J'ai lu, grâce à vous et à quelques enseignants qui me conduisirent vers les classiques, les grands auteurs dont je ne me lasse jamais. Il serait fastidieux d'évoquer ces grands romanciers qui m'ont emporté dans leurs aventures. J'ai vibré, j'ai connu des émois et des passions à travers des personnages amis. Les romans devinrent mes livres de chevet.
Ne croyez pas que je sois un lecteur insatiable, un dévoreur compulsif comme il en existe tant. Ce serait mensonge et il n'est pas question d'établir notre relation sur de faux-semblants. Je lis chaque jour, certes, mais une heure tout au plus. C'est ma gourmandise du soir : une belle manière d'ouvrir la boîte aux songes.
Il faut dire que j'ai tant à faire. Je suis enseignant et là, je dois vous avouer ma plus grande déception. J'ai échoué lamentablement dans la transmission du plaisir de la lecture. À de rares exceptions près, mes élèves se sont détournés de la chose écrite. Il faut avouer qu'ils étaient tous en grande difficulté, orientés vers des filières de relégation. Cependant, si jamais je n'ai obtenu d'eux qu'ils lisent, ils ont pris goût à ce que je le fasse pour eux, chaque matin, avec émotion et théâtralité.
C'est donc un mauvais maître qui voudrait, en fin de carrière, tenter un geste désespéré pour rattraper cet échec terrible porté comme un boulet. La seule chose que j'aie réussi à transmettre : c'est l'écriture. Je ne comprendrai jamais pourquoi ma transmission du plaisir de la lecture a été à ce point bancale. Si faire lire me fut toujours refusé, mes ateliers d'écriture furent, à chaque promotion, un vrai bonheur … Un paradoxe de plus dans une existence qui n'en est pas à un près.

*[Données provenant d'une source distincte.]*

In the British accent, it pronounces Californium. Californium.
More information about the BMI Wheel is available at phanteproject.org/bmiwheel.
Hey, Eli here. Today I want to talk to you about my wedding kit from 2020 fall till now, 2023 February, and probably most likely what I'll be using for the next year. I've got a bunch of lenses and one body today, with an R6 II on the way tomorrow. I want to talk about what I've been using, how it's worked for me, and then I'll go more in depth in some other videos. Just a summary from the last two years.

Que vous écrire encore pour, éventuellement, vous donner l'envie de rencontrer ce curieux personnage qui s'adresse à vous ? Les contradictions ne manquent pas et il est bien délicat de trouver une cohérence dans les activités qui me déterminent. Prenons donc le risque de vous effrayer un peu plus : ainsi vous n'aurez aucun regret !

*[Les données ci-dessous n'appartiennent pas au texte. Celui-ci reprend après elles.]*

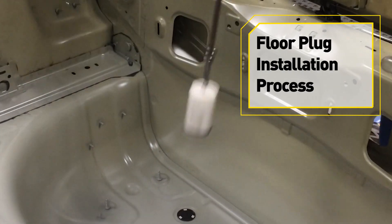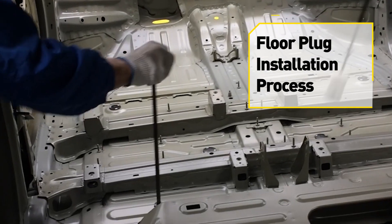My name is David Trudell. I'm a staff engineer with General Motors and I work with Fanuc to develop cutting-edge technology for General Motors. Traditionally, the floor plug installation is always done manually by team members. Plugs are located in various locations around the floor pan, and sometimes the operator needs to twist and bend to get to that location.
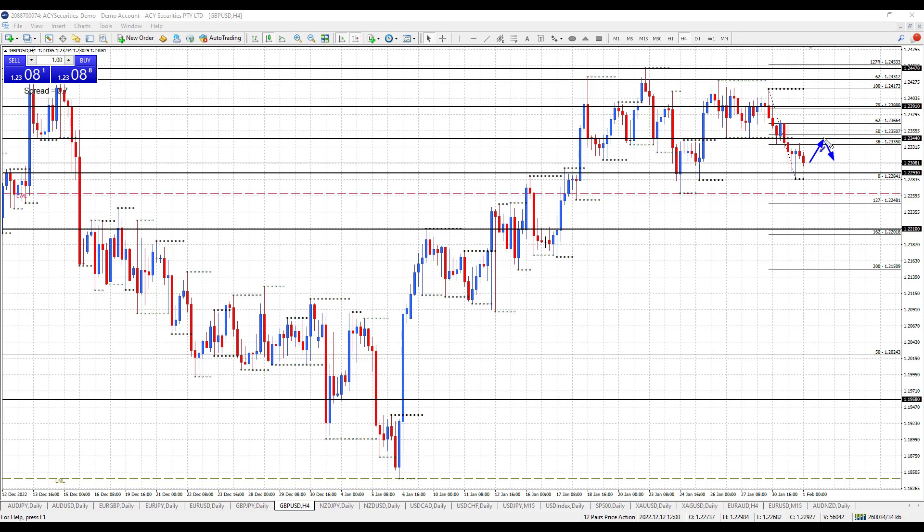If price rallies higher, I'll be watching up at 123.91, which is monthly resistance. 123.88 is a 79% fib level, and of course the figure at 124.00. That's my preferred level if price can rally — does price rally up to that level, hold and fail? Can you see a setup to sell and trade down?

J'ai longtemps consacré la presque totalité de mon temps libre au Rugby. Je fus un entraîneur atypique, connu pour sa maxime affichée avant chaque entraînement, ses journaux qui relataient les rencontres précédentes avec lyrisme, ses discours d'avant-match qui faisaient vibrer les murs et les cœurs, et ses séances d'entraînement où jamais rien ne se passait comme avec mes homologues. J'étais plus un chantre du verbe ovale que de la stratégie guerrière.
J'ai grandi et vécu en bord de Loire. C'est elle qui m'a guidé, qui m'a écouté lorsque j'allais mal, qui m'a offert de belles aventures au fil de ses flots, de ses berges et de son histoire. J'écris des fables sur ma belle fille Liger, des chansons, également, chantées par d'autres. Je n'ai de cesse de la raconter sur scène, dans des spectacles où mes Bonimenteries sont à mi-chemin entre le travail du conteur et celui de l'amuseur. J'accompagne mes amis mariniers qui ont cherché à ressusciter la glorieuse marine de Loire.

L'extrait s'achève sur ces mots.